In the data below, find the line containing "デザインカラーレイヤーカットウェットヘア夏オリーブベージュ", then set down that line and every later line up to and including the line containing "Mijello Mission Gold", exactly.

╭──

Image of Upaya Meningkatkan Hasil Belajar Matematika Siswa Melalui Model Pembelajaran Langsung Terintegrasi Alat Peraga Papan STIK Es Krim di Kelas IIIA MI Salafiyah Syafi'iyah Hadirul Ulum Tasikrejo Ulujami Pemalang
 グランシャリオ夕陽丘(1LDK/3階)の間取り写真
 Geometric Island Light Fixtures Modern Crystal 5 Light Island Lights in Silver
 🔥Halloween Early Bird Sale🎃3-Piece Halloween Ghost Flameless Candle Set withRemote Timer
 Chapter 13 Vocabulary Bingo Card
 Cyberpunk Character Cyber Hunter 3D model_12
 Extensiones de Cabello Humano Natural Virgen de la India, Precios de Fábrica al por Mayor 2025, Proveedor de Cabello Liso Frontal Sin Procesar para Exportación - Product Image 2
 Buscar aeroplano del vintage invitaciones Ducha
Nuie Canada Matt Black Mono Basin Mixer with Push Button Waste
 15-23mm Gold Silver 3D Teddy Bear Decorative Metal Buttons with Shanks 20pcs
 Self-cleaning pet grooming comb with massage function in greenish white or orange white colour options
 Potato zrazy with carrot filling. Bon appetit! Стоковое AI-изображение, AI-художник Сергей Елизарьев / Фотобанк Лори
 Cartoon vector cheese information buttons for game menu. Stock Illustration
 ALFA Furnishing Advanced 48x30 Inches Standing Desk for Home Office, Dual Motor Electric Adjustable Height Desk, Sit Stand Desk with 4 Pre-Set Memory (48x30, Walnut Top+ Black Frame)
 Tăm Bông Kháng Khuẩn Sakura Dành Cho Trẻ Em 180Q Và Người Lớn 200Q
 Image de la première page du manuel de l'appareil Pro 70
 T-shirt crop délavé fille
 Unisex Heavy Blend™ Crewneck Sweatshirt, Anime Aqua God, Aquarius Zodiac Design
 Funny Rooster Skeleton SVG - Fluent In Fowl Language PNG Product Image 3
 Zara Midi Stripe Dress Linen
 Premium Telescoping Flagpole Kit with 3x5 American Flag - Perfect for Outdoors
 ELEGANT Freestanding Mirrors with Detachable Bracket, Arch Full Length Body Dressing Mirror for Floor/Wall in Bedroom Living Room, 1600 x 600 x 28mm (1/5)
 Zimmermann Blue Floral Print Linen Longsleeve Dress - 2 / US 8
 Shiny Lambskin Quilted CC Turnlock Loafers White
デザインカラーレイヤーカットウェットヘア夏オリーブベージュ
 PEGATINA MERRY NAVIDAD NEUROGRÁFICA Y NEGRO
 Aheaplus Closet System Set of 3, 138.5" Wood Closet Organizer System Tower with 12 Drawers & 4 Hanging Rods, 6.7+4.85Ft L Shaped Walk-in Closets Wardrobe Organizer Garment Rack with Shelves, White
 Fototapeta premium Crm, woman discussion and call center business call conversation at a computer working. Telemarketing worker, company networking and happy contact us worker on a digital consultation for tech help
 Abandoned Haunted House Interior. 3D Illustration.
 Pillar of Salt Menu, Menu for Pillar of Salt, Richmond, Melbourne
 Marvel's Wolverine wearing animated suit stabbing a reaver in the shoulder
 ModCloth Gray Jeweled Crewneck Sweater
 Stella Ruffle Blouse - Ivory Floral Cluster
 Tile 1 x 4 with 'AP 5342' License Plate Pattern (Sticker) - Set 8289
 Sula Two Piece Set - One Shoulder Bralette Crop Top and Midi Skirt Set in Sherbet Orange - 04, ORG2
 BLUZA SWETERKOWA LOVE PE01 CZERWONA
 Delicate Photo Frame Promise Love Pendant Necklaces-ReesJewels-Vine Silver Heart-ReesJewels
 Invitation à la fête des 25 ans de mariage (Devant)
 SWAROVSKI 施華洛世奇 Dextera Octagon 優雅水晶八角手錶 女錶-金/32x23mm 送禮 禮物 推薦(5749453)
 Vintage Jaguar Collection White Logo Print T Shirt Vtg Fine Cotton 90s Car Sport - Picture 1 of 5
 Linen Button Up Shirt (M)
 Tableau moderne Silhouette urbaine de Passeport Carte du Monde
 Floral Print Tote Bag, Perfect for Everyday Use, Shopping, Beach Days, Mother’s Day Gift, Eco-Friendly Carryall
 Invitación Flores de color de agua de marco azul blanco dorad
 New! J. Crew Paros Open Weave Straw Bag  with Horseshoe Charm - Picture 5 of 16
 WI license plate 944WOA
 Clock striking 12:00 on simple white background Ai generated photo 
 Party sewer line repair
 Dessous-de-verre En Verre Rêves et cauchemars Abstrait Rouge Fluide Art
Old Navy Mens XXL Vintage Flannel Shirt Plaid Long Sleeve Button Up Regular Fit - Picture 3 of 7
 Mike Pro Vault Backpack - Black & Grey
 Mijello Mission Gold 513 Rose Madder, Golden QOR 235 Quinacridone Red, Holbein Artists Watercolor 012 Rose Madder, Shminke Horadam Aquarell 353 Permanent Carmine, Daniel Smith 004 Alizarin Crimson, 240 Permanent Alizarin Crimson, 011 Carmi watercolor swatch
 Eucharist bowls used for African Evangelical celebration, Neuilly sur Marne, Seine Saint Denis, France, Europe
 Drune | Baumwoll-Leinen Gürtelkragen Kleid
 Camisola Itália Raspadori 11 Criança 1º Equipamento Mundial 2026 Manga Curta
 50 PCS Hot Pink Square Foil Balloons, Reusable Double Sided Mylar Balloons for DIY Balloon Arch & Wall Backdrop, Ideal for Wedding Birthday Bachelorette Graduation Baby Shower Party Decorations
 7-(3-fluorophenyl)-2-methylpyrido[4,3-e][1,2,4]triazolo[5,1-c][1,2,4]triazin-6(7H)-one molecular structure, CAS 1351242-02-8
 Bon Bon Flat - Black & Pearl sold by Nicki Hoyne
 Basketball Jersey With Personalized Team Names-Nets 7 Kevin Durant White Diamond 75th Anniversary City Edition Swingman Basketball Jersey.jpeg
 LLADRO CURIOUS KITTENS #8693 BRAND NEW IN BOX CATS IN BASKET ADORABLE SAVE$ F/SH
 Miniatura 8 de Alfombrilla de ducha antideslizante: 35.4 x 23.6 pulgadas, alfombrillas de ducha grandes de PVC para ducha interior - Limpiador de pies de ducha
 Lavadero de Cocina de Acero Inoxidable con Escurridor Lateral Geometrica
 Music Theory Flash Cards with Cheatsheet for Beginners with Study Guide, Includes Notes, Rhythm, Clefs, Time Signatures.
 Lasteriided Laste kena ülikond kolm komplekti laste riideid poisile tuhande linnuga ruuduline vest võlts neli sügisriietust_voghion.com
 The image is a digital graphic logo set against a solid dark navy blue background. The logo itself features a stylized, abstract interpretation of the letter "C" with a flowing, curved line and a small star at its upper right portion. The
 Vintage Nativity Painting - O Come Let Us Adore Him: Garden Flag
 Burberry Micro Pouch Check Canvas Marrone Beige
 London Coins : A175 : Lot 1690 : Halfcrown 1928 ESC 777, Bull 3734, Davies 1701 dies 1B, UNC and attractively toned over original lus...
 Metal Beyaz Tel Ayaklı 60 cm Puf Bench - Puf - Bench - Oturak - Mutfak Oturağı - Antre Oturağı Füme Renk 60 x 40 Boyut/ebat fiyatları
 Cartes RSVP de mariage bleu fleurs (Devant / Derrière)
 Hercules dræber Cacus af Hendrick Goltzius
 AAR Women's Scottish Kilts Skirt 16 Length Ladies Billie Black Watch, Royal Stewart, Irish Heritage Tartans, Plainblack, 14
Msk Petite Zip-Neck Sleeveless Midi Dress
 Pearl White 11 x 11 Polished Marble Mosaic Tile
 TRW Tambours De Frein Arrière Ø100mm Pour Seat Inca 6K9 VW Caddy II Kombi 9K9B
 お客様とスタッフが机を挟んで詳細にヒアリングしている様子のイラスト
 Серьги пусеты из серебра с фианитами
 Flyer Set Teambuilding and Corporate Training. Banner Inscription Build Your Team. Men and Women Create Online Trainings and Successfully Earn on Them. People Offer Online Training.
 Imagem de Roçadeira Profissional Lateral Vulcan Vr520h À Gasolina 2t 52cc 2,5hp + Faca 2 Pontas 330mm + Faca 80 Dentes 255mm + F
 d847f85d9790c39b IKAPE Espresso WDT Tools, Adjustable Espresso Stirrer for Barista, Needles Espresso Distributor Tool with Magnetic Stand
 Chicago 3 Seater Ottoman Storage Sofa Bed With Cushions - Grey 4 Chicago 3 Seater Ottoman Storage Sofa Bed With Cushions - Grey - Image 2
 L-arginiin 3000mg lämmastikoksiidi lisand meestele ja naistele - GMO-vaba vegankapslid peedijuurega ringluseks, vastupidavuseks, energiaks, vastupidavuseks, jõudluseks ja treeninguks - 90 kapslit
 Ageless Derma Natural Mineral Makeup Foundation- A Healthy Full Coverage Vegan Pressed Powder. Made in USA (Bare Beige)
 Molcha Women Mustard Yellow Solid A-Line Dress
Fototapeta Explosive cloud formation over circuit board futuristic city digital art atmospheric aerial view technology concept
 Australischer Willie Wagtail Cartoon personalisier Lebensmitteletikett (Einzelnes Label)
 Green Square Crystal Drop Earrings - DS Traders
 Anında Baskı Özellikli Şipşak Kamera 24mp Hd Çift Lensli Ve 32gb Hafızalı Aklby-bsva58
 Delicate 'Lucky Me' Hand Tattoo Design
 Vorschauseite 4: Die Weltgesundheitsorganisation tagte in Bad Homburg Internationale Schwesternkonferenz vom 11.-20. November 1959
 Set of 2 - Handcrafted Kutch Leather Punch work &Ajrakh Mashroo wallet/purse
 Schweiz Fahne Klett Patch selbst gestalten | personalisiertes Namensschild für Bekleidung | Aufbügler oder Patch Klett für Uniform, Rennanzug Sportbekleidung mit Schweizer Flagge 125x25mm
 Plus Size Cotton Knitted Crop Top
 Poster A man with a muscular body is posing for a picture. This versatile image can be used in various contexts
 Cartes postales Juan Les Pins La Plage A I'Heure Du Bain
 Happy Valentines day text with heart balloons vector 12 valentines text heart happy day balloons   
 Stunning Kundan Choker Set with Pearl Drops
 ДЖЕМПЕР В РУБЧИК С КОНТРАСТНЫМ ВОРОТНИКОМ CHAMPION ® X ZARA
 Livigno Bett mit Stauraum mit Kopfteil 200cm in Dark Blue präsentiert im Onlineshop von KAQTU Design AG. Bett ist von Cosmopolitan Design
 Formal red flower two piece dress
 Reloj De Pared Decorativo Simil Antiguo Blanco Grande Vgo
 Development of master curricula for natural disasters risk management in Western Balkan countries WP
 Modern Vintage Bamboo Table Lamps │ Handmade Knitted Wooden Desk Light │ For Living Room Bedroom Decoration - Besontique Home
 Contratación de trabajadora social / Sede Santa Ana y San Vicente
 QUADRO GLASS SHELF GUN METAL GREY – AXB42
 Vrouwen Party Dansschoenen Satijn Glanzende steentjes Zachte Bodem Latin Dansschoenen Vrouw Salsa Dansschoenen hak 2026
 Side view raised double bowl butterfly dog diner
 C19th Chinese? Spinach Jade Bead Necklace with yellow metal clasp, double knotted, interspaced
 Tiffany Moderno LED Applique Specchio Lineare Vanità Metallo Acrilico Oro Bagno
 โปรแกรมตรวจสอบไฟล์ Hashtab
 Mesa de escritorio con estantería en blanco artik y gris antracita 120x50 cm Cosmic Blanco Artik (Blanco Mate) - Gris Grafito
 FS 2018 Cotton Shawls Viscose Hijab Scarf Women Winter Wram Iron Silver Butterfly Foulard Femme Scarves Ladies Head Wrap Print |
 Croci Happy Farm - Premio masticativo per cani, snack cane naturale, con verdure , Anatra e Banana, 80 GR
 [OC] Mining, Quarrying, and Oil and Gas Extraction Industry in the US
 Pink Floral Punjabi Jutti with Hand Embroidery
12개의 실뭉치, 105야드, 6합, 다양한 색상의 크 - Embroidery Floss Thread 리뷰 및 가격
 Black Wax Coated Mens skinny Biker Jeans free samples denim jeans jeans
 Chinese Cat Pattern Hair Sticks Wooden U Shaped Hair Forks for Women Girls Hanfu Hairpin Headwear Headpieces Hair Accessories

╰──

The answer:
デザインカラーレイヤーカットウェットヘア夏オリーブベージュ
 PEGATINA MERRY NAVIDAD NEUROGRÁFICA Y NEGRO
 Aheaplus Closet System Set of 3, 138.5" Wood Closet Organizer System Tower with 12 Drawers & 4 Hanging Rods, 6.7+4.85Ft L Shaped Walk-in Closets Wardrobe Organizer Garment Rack with Shelves, White
 Fototapeta premium Crm, woman discussion and call center business call conversation at a computer working. Telemarketing worker, company networking and happy contact us worker on a digital consultation for tech help
 Abandoned Haunted House Interior. 3D Illustration.
 Pillar of Salt Menu, Menu for Pillar of Salt, Richmond, Melbourne
 Marvel's Wolverine wearing animated suit stabbing a reaver in the shoulder
 ModCloth Gray Jeweled Crewneck Sweater
 Stella Ruffle Blouse - Ivory Floral Cluster
 Tile 1 x 4 with 'AP 5342' License Plate Pattern (Sticker) - Set 8289
 Sula Two Piece Set - One Shoulder Bralette Crop Top and Midi Skirt Set in Sherbet Orange - 04, ORG2
 BLUZA SWETERKOWA LOVE PE01 CZERWONA
 Delicate Photo Frame Promise Love Pendant Necklaces-ReesJewels-Vine Silver Heart-ReesJewels
 Invitation à la fête des 25 ans de mariage (Devant)
 SWAROVSKI 施華洛世奇 Dextera Octagon 優雅水晶八角手錶 女錶-金/32x23mm 送禮 禮物 推薦(5749453)
 Vintage Jaguar Collection White Logo Print T Shirt Vtg Fine Cotton 90s Car Sport - Picture 1 of 5
 Linen Button Up Shirt (M)
 Tableau moderne Silhouette urbaine de Passeport Carte du Monde
 Floral Print Tote Bag, Perfect for Everyday Use, Shopping, Beach Days, Mother’s Day Gift, Eco-Friendly Carryall
 Invitación Flores de color de agua de marco azul blanco dorad
 New! J. Crew Paros Open Weave Straw Bag  with Horseshoe Charm - Picture 5 of 16
 WI license plate 944WOA
 Clock striking 12:00 on simple white background Ai generated photo 
 Party sewer line repair
 Dessous-de-verre En Verre Rêves et cauchemars Abstrait Rouge Fluide Art
Old Navy Mens XXL Vintage Flannel Shirt Plaid Long Sleeve Button Up Regular Fit - Picture 3 of 7
 Mike Pro Vault Backpack - Black & Grey
 Mijello Mission Gold 513 Rose Madder, Golden QOR 235 Quinacridone Red, Holbein Artists Watercolor 012 Rose Madder, Shminke Horadam Aquarell 353 Permanent Carmine, Daniel Smith 004 Alizarin Crimson, 240 Permanent Alizarin Crimson, 011 Carmi watercolor swatch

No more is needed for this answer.